XRD patterns of the nanocomposites demonstrate successful intercalation of cetirizine into both fresh Zn/Al- and Mg/Al-LDH hosts (Figure 1A,B, respectively). During ion-exchange nitrate anions, the d- spacing of inorganic layers, Zn/Al- and Mg/Al-LDH, which are 9.01 and 8.2 Å, respectively was expanded for the host cetirizine anions. This expansion is reflected by the d-spacing values that were calculated from the mean values of the first, second, third and fourth order peaks of the XRD patterns, which are 31.9, 15.93, 10.64 and 7.88 Å, respectively for CTZAN, and 31.15, 15.33, 10.15 and 7.66 Å, respectively for CTMAN. As a result, a basal spacing value of 31.8 Å for CTZAN and 30.8 Å for CTMAN was obtained. In the case of CTZAN, the XRD patterns show one peak at 2θ 26° (d = 9.54 Å), which is overlapping with a peak at 11.22°. This result indicates the presence of some un-reacted Zn/Al-NO₃-LDH remains in the sample. Previous studies have indicated that it is difficult to exchange nitrate in LDHs with the incoming anions, due to the parallel orientation of nitrate ions with respect to the hydroxide layers. As a result, some nitrate anions remained after the intercalation process of cetirizine into Zn/Al LDH and this explained why some un-reacted Zn/Al-NO₃-LDH remained [17]. A slight discrepancy in the d₀₀₃ value between CTZAN and CTMAN nanocomposites is probably mainly due to the content of water in the interlayer galleries and the presence of nitrate ions in the interlayer region [18].

The lattice parameters, a and c of the PMAE and PZAE nanocomposites are listed in Table 1 and were calculated using the d-values of 003, 006 and 009 reflections, where (c = 1/3(3d₀₀₃ + 6d₀₀₆ + 9d₀₀₉)), and 110 reflection for parameter a, where (a = 2d₁₁₀). Table 1 shows that the c value for CTZAN and CTMAN is 95.5 Å and 92.4 Å, respectively, which suggests that the cetirizine anions should be arranged in the interlayer space in a similar fashion, and that the small differences between them can be related to the conditions of preparation and/or more probably, the water content, as mentioned earlier.

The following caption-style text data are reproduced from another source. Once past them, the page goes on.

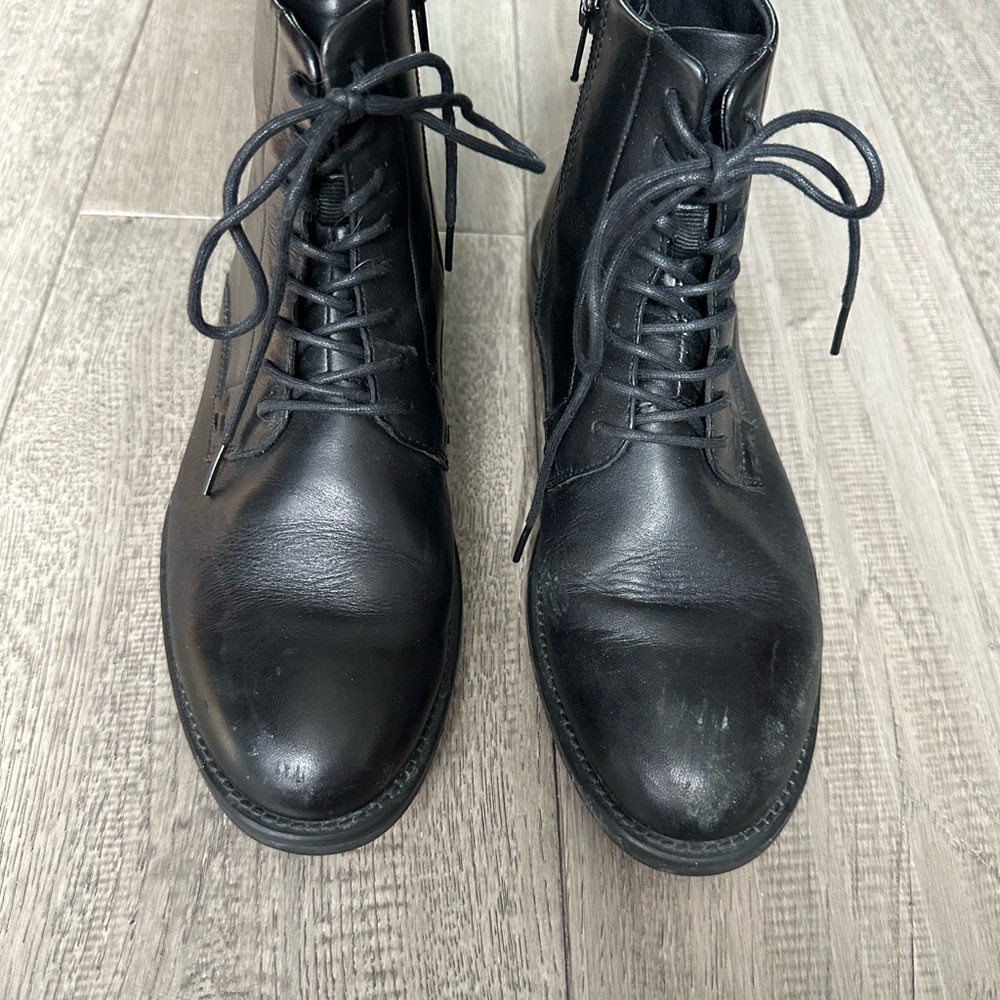 Women’s Vagabond Black Leather Ankle  Combat Boots size 38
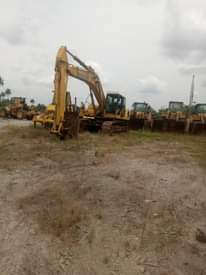A picture of All item an trucks
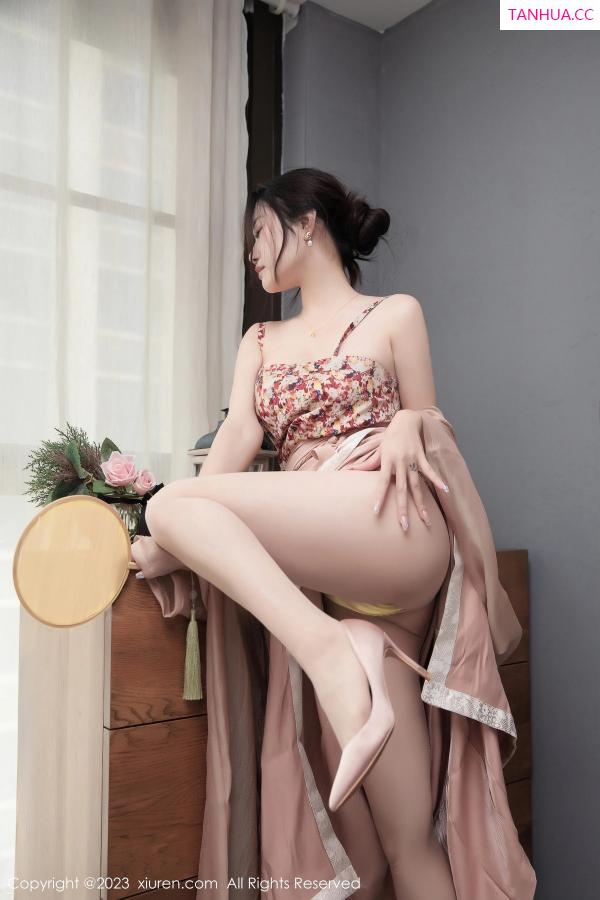  [XiuRen]高清写真图 2023.03.23 No.6457 严利娅Yuliya 汉服美臀第36张图片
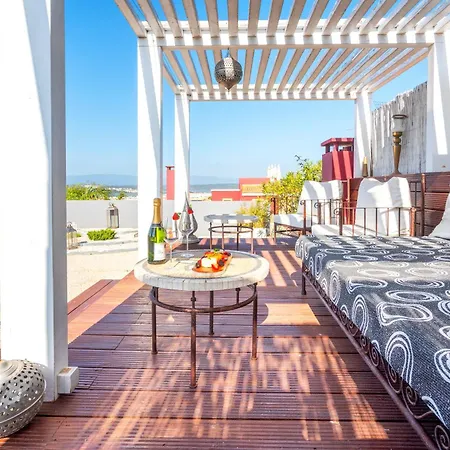 Host Wise - Luxurious House With Private Salt Pool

Figure 2A shows the three ionizable forms of cetirizine; a strong acidic group with pK₂ = 2.9, a strong basic group with pK₃ = 8.0 and a very weakly basic group with pK₁ = 2.2 [19]. According to XRD analysis, the d spacing (d₀₀₃) increased to 31.8 Å and 30.8 Å for CTZAN and CTMAN, respectively. Due to the value of thickness of the Zn/Al and Mg/Al-LDH layers are constant, which is 4.8 Å [20], thus, the gallery height of LDH after intercalation can be calculated by the d spacing minus the thickness of the LDH layer which is 27 Å (31.8–4.8) for CTZAN and 26 Å (30.8–4.8) for CTMAN. The long, short axis and thickness of cetirizine anion was calculated using a Chemoffice software (Cambridge, MA), and they are 16.2, 8.5 and 11.8 Å, respectively (Figure 2B). The gallery height of CTZAN and CTMAN nanocomposites are far beyond the value of the long axis. It is also slightly smaller than twice of the long axis dimension (32.4 Å). This suggests that cetirizine anions are accommodated as alternately tilted bilayer along the long axis orientation in certain angle between LDH layers, where the carboxyl anion group attaching to the upper or lower layers, respectively.

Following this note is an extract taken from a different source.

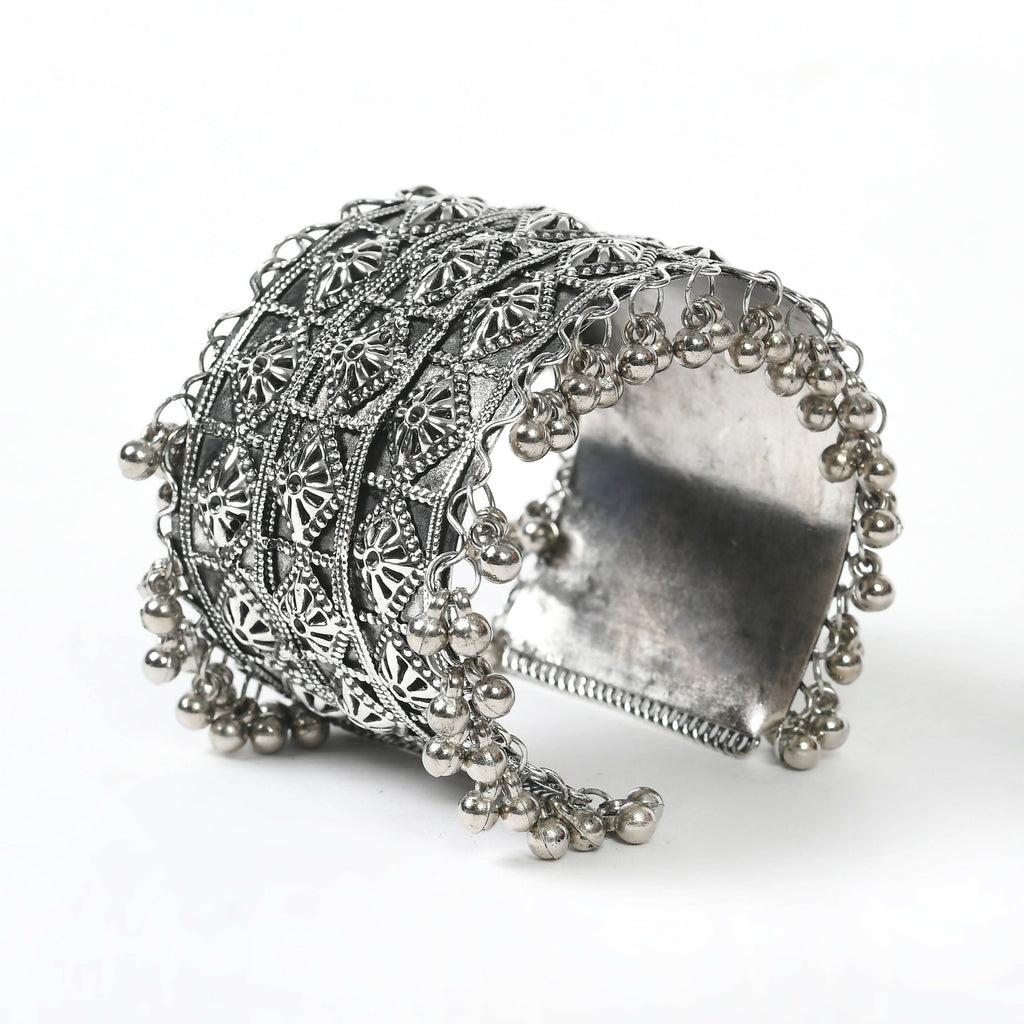 Mominos Fashion Joharkamal Oxidised Silver-Plated Ghungroo Handcraft Bracelet - Design 024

Figure 3 and Table 2 show FTIR spectra of the cetirizine, CTZAN and CTMAN nanocomposites. As shown in Figure 3A for pure cetirizine, a broad band at 3432 cm⁻¹ is due to the O–H stretching vibration [21]. A band recorded at 3044–3023 cm⁻¹ is due to C–H stretching of the aromatic ring. A (C=O) of the carboxylic group gives a strong band at 1740 cm⁻¹. A band at 1457 cm⁻¹ is due to C–Cl stretching. Mono-substitution on the benzene ring gives three different absorption bands at 1496, 1077 and 758 cm⁻¹. Substitution at para position on the benzene ring gives a band at 1602 cm⁻¹. Bending two adjacent benzene rings give bands at 846–809 cm⁻¹.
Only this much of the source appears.